**WHAT YOU WILL DO**
Take the line that holds "Joanna Koroniewska postawiła" and every line after it to the end of the entries, and repeat them exactly without the pictures.

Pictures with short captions
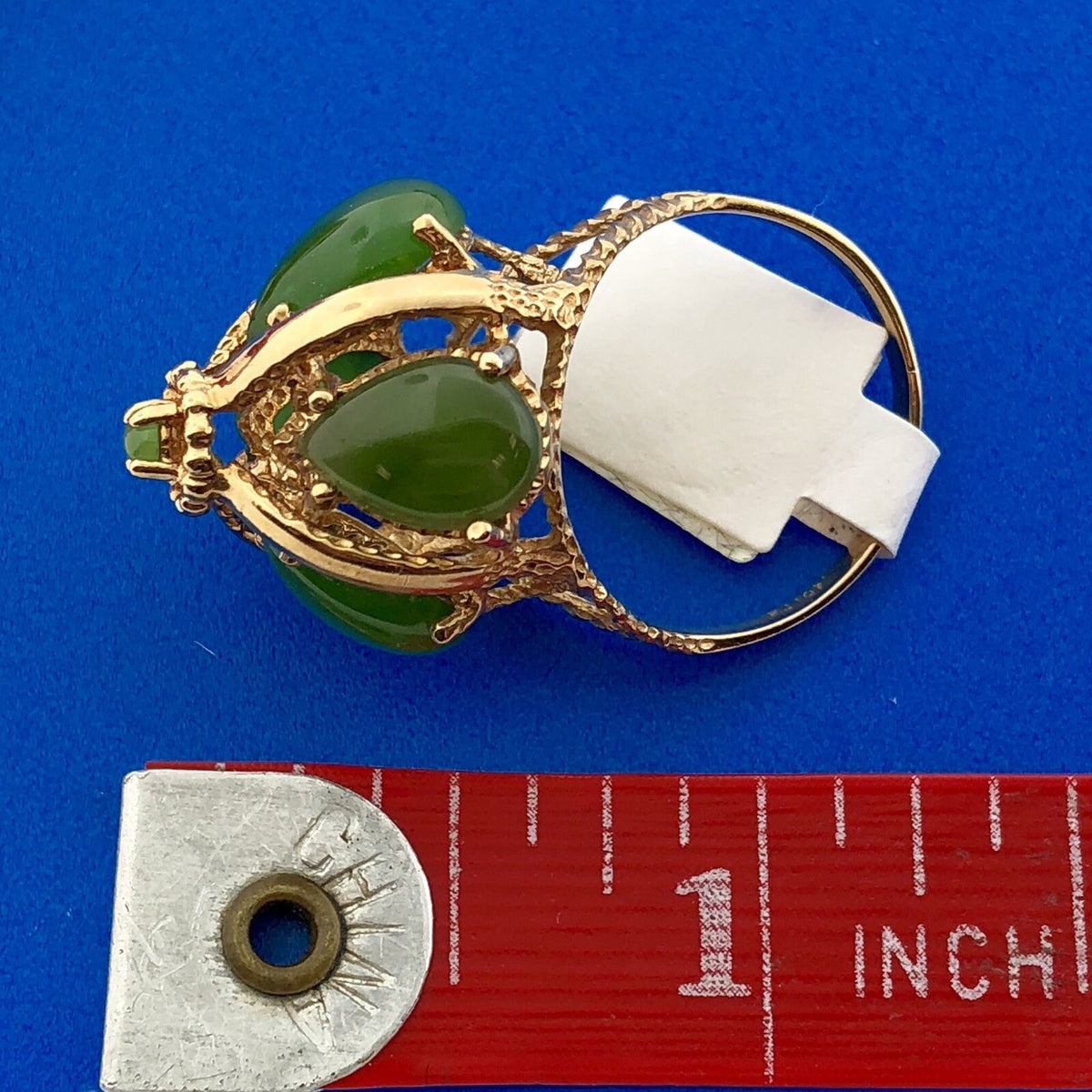 Vintage 10k Yellow Gold Dome Pear Shaped and Round Jade Ring Size 6.75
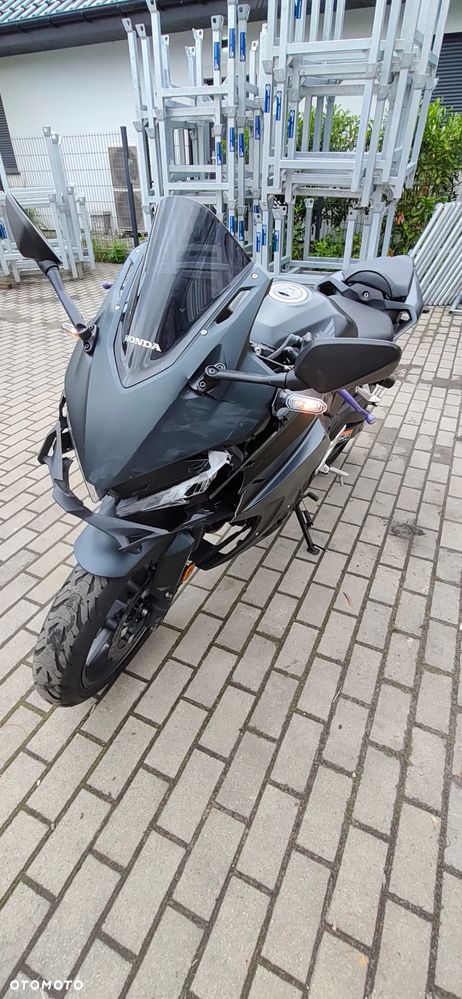 Honda CBR - 11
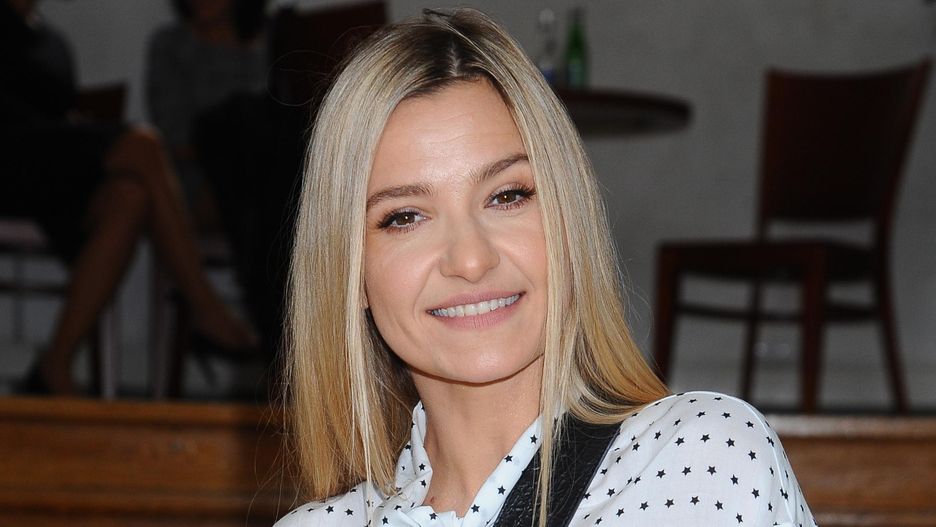 Joanna Koroniewska postawiła na młodzieńczą stylizację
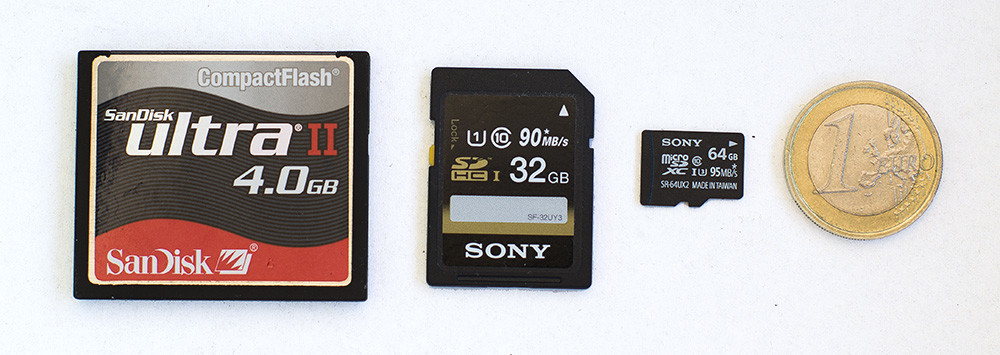 Dos Fotos De Una Cámara Y Una Cámara Con Las Palabras Compañía En La Parte Inferior | Vector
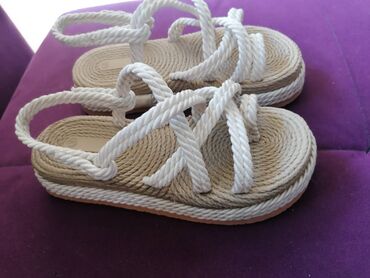 mokasine od prevrnute koze: Sandals, 38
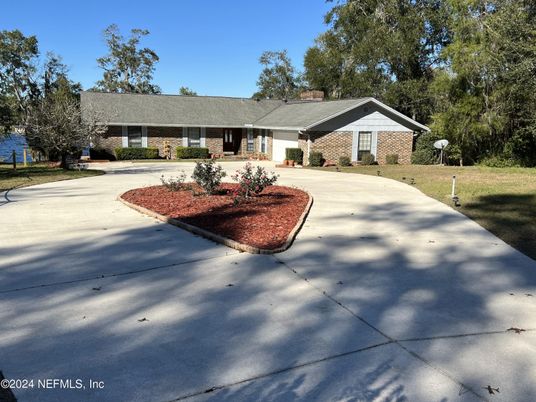 Exterior, Facade, Brick Facade, Ranch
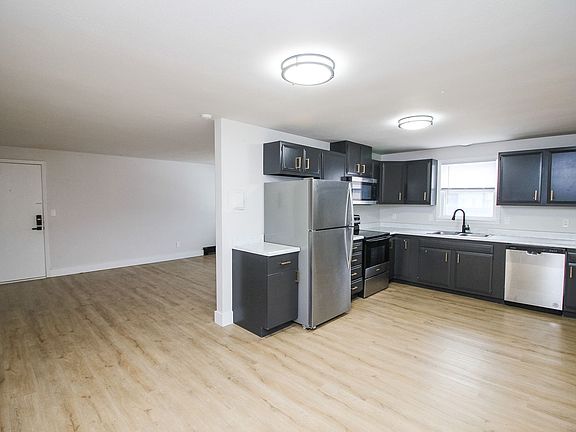 2nd image of 219 S Menlo Ave APT 9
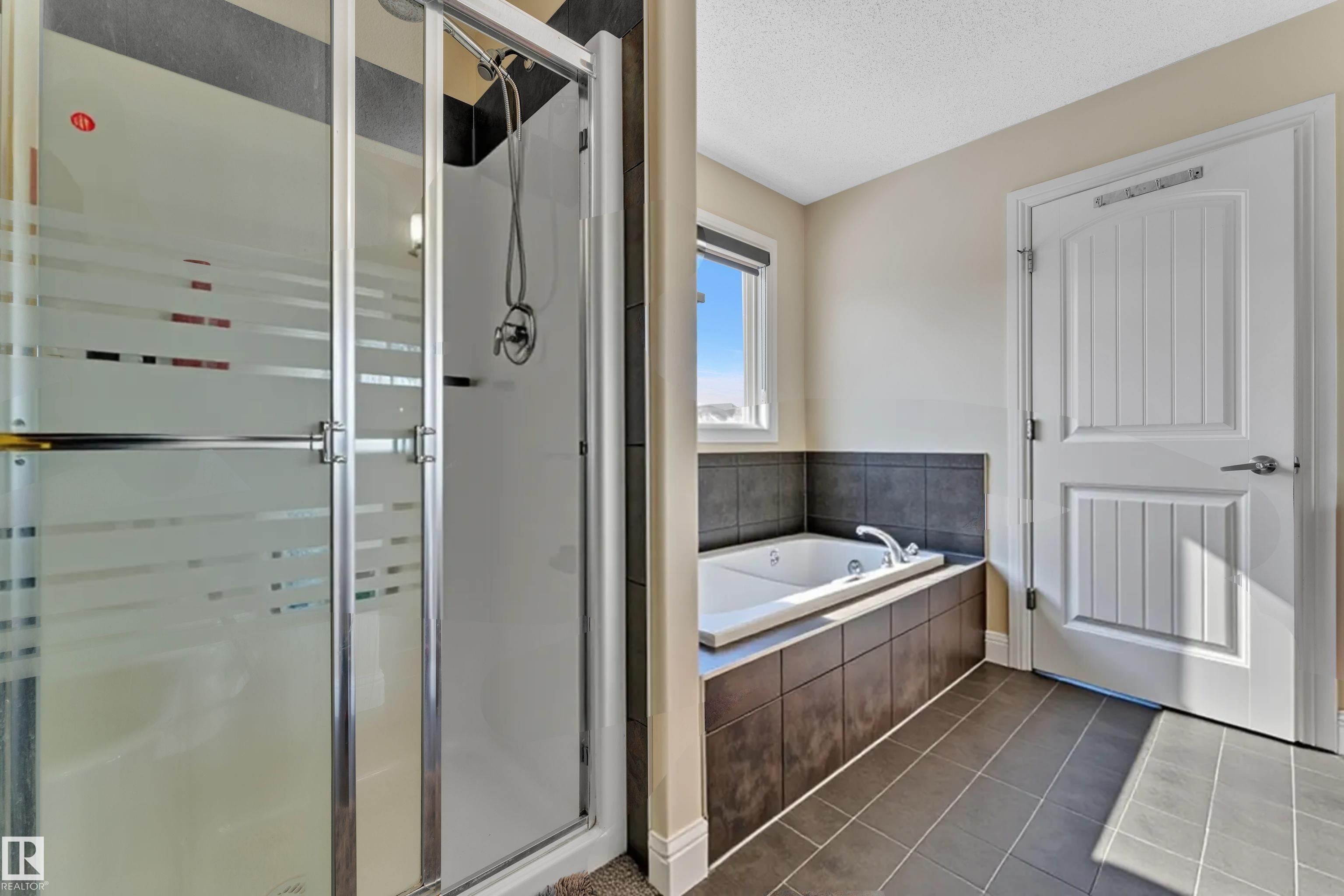 Photo 17 at 6159 12 Avenue SW, Walker, Edmonton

**OUTPUT**
 Joanna Koroniewska postawiła na młodzieńczą stylizację
 Dos Fotos De Una Cámara Y Una Cámara Con Las Palabras Compañía En La Parte Inferior | Vector
 mokasine od prevrnute koze: Sandals, 38
 Exterior, Facade, Brick Facade, Ranch
 2nd image of 219 S Menlo Ave APT 9
 Photo 17 at 6159 12 Avenue SW, Walker, Edmonton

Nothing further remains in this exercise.